The walls of this great brick fortress, which cost a million dollars and was one of the greatest brick fortresses of its time, tower over one with great impressiveness. The brick face is pierced by long narrow slits for rifle fire, and these peer at one vacantly. A large ditch, or moat, surrounds the fort, and this still contains water owing to the low elevation of the island above tide, but it is choked with rank vegetation and though horrid of aspect would not be a serious bar to the approach of any storming force.
THE DESERTED CASEMATES OF FORT PULASKI, NEAR SAVANNAH, GA.
Crossing the ditch, one passes through a long passage and past massive wooden gates studded with iron bolts and, at length, comes out upon the parade ground. Where brilliant columns once formed and marched in martial evolutions now wave tall saplings except where the solitary care-taker of the fort has cut these growths down to make room for a vegetable garden. The walls go around in a great circle above this parade, the angles of the circumference not being easily perceptible from our vantage point. To the right hand and the left hand stretch casemates in which officers and men dwelt. On the far side of the parade are open casemates fitted for cannon, for this is the quarter from which attack might be expected. Close at hand is a spring whose clear water flows ceaselessly from the rusty iron mouth which the hand of man has provided and neglected.

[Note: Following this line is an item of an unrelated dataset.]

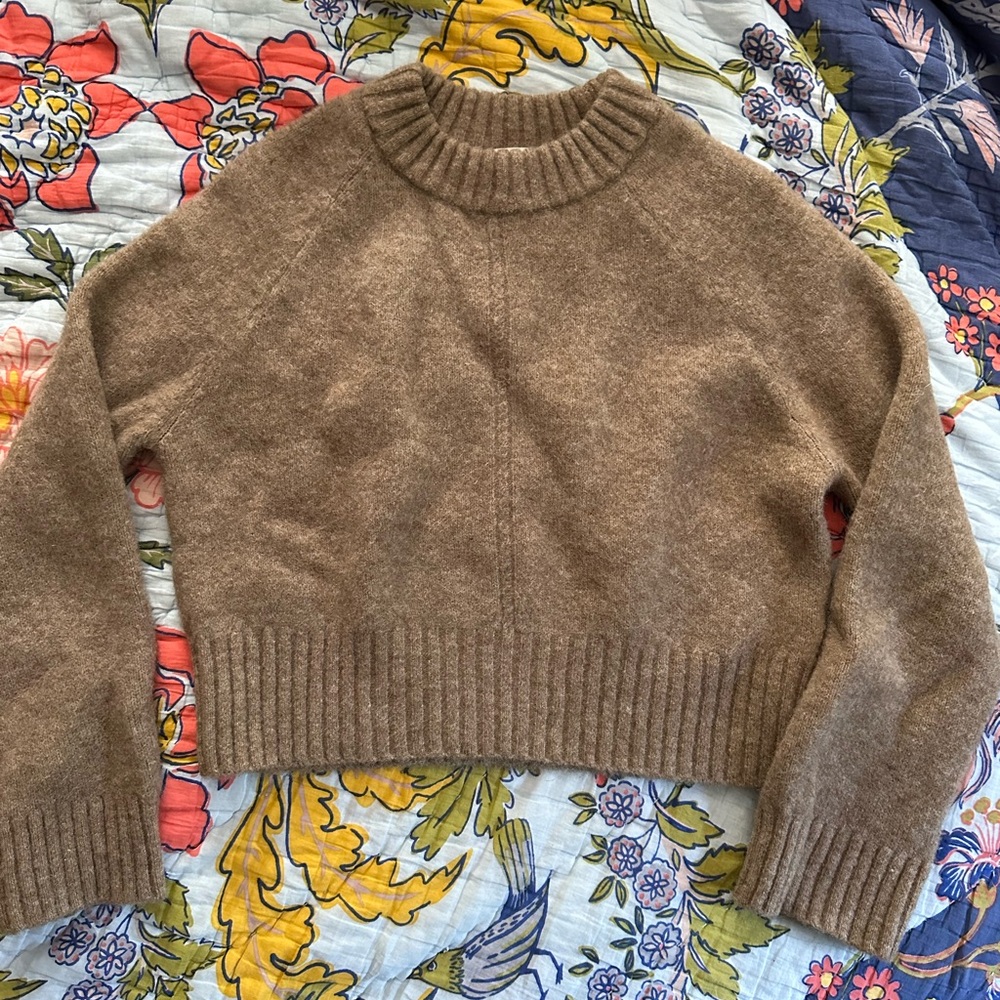 Taupe Sama jumper sz small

Passing across the parade to the gun casemates, which occupy the flanks of the fort on three quarters of the compass, one finds the flooring still in good condition, this fact being due to the protected nature of this part of the fort and to the sturdy quality of the planks which are three inches thick and of some close-grained wood—probably cypress. The circular gun-tracks are still visible. Where one can peer through holes in the floor one gazes down into dank, dark depths from which the light is reflected evilly by scummy water.
At the northeast angle of the fort are the remains of one of the magazines. If one cares to prowl in here and is willing to make entrance through a mysterious black hole into an uncanny void, he will be rewarded for his adventure by being able to pick up some rusty grape-shot and smaller odds and ends of murderous looking iron.

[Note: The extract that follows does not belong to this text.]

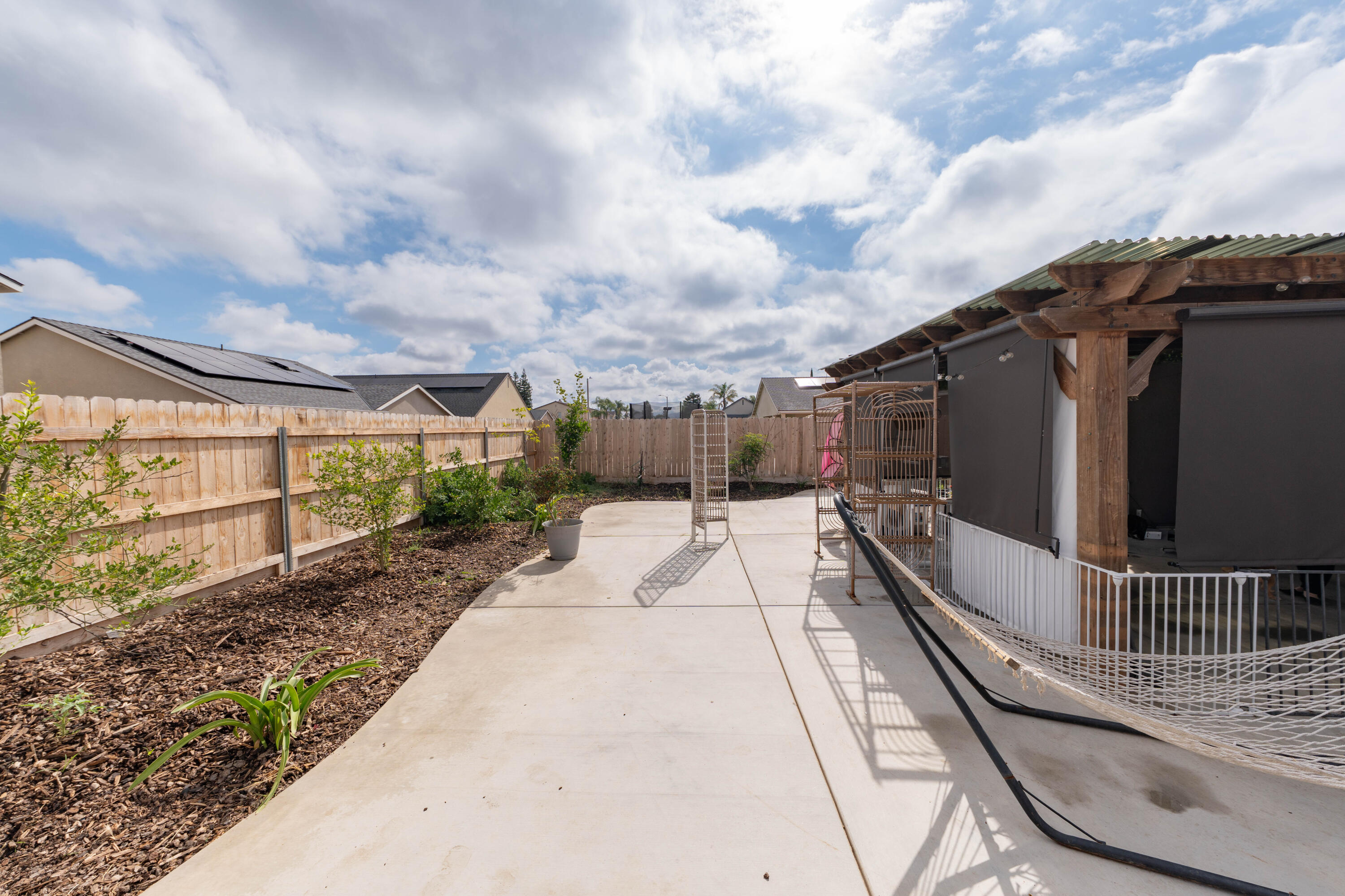 2214 W Glenn Ave, Porterville, CA 93257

Ascending to the parapet of the fort by means of one of the twisting iron stairs which are to be found at each angle, or by the broad stone stairs adjacent to the habitable casemates, one has a wide view of land and sea. To the east lies the mouth of the Savannah River where this stream joins the Atlantic Ocean. In this direction, too, can be seen long, low, sandy Tybee Point, where Fort Screven, the modern defensive work, lies. To the south are marshes and in the distance the gleam of the river up which the Union forces brought their cannon to attack Fort Pulaski in 1862. To the north and west—more marshes.
The island on which Fort Pulaski is situated was acquired by the government in 1830 by purchase from Alexander Telfair and sisters (an old and wealthy Savannah family) and the title of the government thereto for the purposes of a fortification was confirmed by the State of Georgia by act December 27, 1845. The entire reservation occupies about 150 acres.

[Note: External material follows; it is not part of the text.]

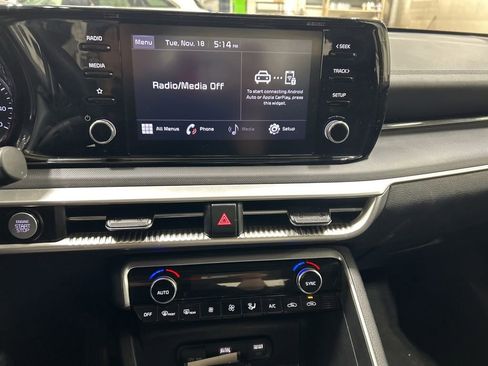 Used 2023 Kia K5 LXS image 17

The site for the fort was selected by Major General Babcock, United States Corps of Engineers, and work was begun in 1831 under the direction of Major General Mansfield. Sixteen years passed before its mighty walls, containing thirteen millions of bricks, were completed. The name Pulaski was given to the fort in honor of Count Casimir Pulaski, the Polish patriot who lost his life in the siege of Savannah by the Americans during the Revolution, the scene of this sad event being the Spring Hill redoubt near the site of the present Central of Georgia railway station.